А между тем есть простой рисунок, подкрашенный китайской тушью и сепией, — «Защитительная речь», из бывшего собрания Анри Руара. По своему художественному значению, интенсивности схваченной в нем жизни он превосходит упомянутый выше исполненный гуашью шедевр из собрания Лемера. На этом рисунке ошеломленный потоком адвокатского красноречия мрачный преступник будто спрашивает себя: «А что, может, и правда я невиновен?» А в это время защитник суда присяжных машет рукавами, вздымает руки, доказывает, возмущается, громит, поворачивается то в одну, то в другую сторону и, кажется, одновременно готов и рухнуть и взлететь.
У вас перед глазами вся работа художника-мастера: его поправки карандашом и пером; рука защитника, вдруг повернутая в совершенно ином направлении, рукав, подхваченный вихрем ораторской бури. И все же работа вполне закончена. Сила ее выразительности такова, что ее можно было бы выставить рядом с самым ярким рисунком Микеланджело.
Нет ничего скульптурнее, как мы могли убедиться, манеры Оноре Домье. Рисунок его сейчас же вызывает представление о рельефе. Линия прельщает его лишь изгибами — для него это свидетельство жизненности. Чаще всего резкие неровности будто выдавлены пальцем. Мы знаем, что почти всегда ему случалось также моделировать в глине.
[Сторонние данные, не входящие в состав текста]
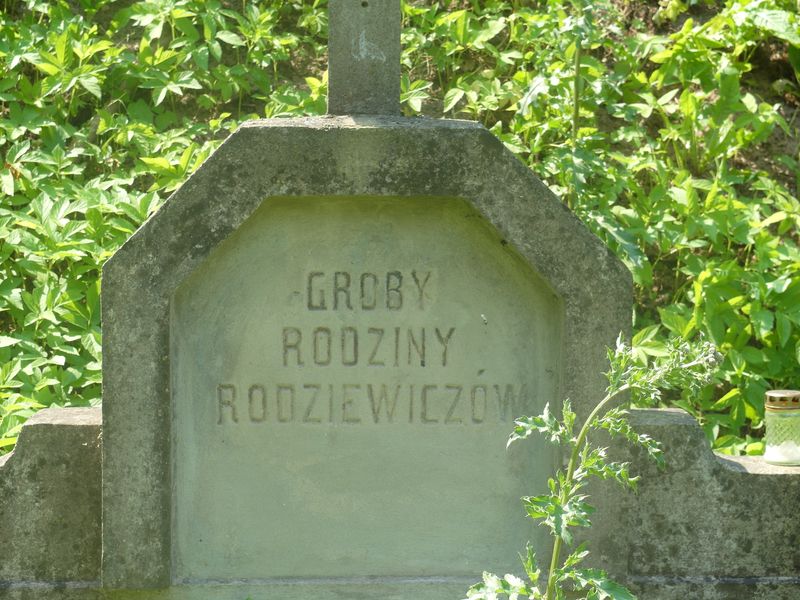 Fragment of the tomb of the Rodziewicz family, Na Rossie cemetery in Vilnius, as of 2015.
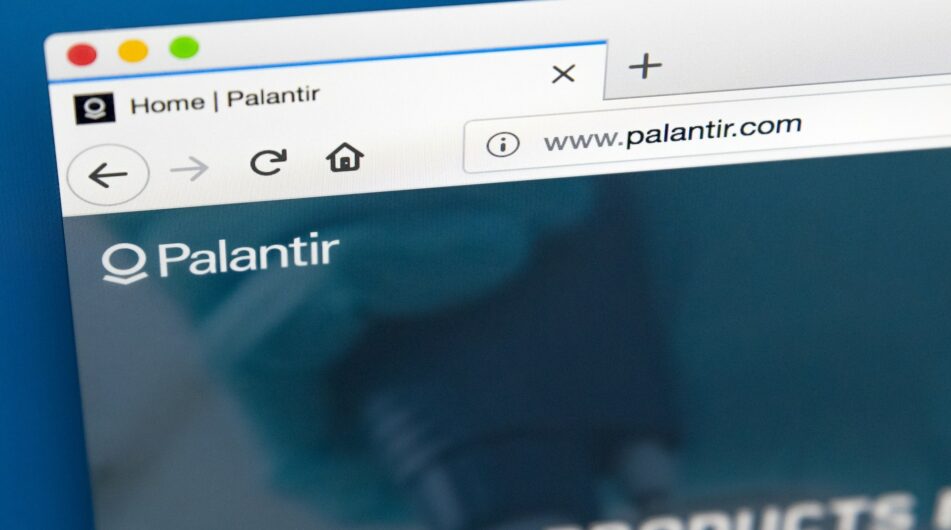 Jedna z nejkontroverznějších společností Palantir se připravuje na své IPO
Домье, как известно, в свое время сделал портретные бюсты для «Карикатюр» по глиняным макетам. Эти фигурки вначале находились в собрании Филипона Малерба, а теперь они принадлежат мадам Лагаррек, только, к сожалению, они деформированы. Далее Домье вылепил статуэтку «Ратапуаль» и два барельефа «Эмигрантов». Здесь, собственно говоря, художник выполнял работу скульптора.
Мы уже описали Ратапуаля: худого, поджарого бонапартистского агента, опирающегося на огромную палку. Он стоит, выпятив грудь, повернув голову. Под продавленным цилиндром — узкое лицо с торчащими усами и с эспаньолкой.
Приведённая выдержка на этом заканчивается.